American artist (1938–2021)

John August Swanson (January 11, 1938 - September 23, 2021) was an American visual artist who worked primarily in the medium of serigraphy, as well as oil, watercolor, acrylic, mixed media, lithography, and etching.

Swanson studied with Corita Kent at Immaculate Heart College. He was the recipient of a Doctor of Humane Letters degree honoris causa from California Lutheran University. He collaborated on a number of books.

==Work ==

Festival of Lights

The son of a Mexican mother and a Swedish father, Swanson's art reflects the strong narrative influences of his cultural upbringing. His works frequently depict scenes of community life, as in "Festival of Lights" (2000), "Tales of Hoffman" (2001), and "Psalm 85" (2003) after Psalm 85. Swanson's images are optimistic and colorful, with a strongly humanistic feel.

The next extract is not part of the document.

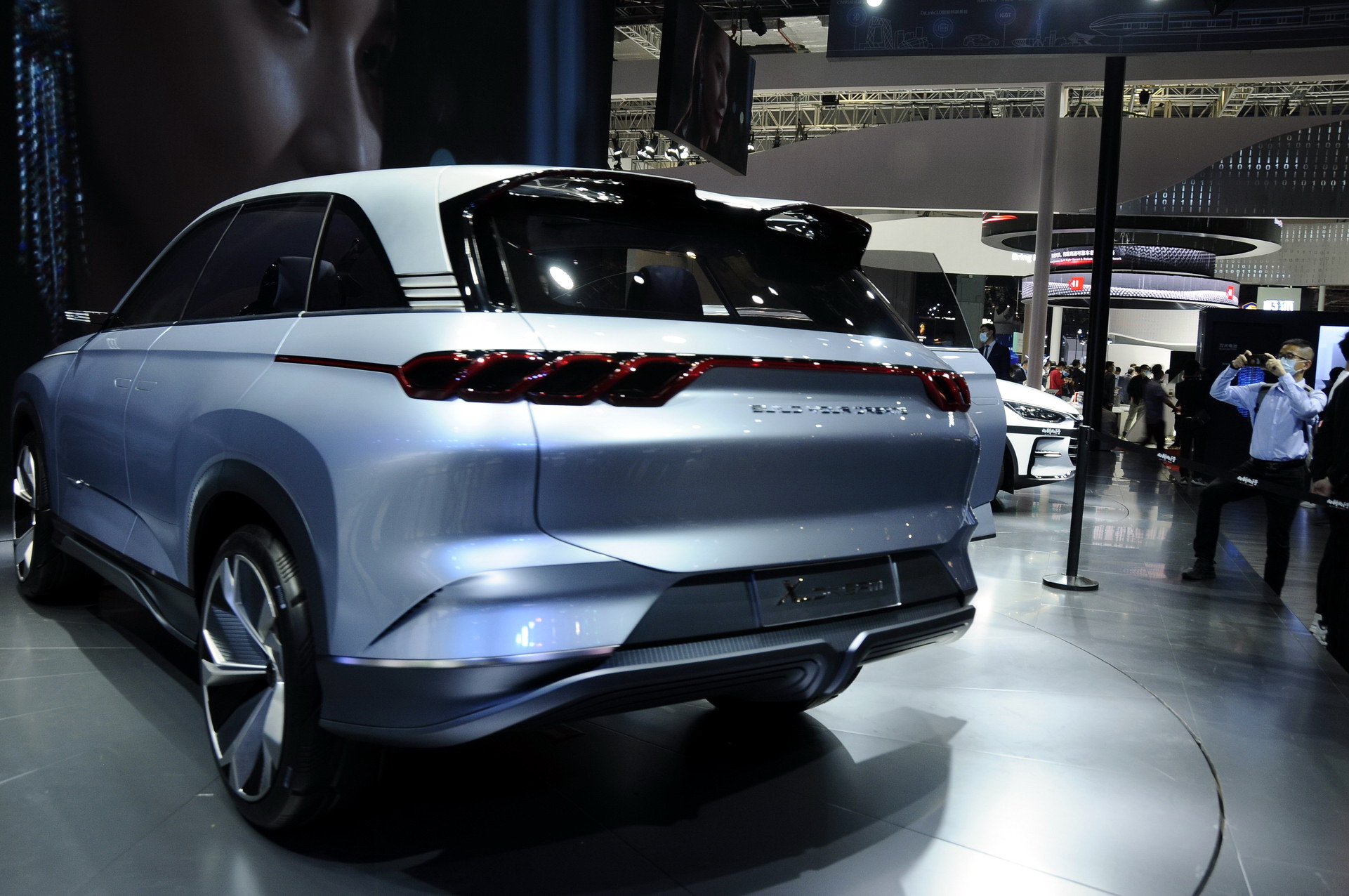 The Best, Worst And Weirdest Chinese Cars From the 2021 Shanghai Auto Show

Swanson was perhaps best known for his biblical imagery. Combining the flat, stylized look of iconography with the bright palette and strong narrative sense of his background in Latin American folk art, pieces such as "Daniel" (2000), "Good Samaritan" (2002), and "Washing of the Feet" have proven popular among collectors of religious artwork around the world.

==Exhibitions==
Swanson's work is represented in the permanent collections of many museums, including three museums of the Smithsonian Institution: The National Museum of American History, The Smithsonian American Art Museum and The National Air and Space Museum. He is also included in the print collections of the Art Institute of Chicago, Harvard University's Fogg Museum, the Tate Gallery and Victoria and Albert Museum in London, and the Bibliothèque Nationale in Paris. His painting "The Procession" is one of relatively few works by contemporary artists to be selected for the Vatican Museums' Collection of Modern Religious Art. With holdings of 150 pieces, Candler School of Theology at Emory University in Atlanta has acquired the largest collection of Swanson’s work.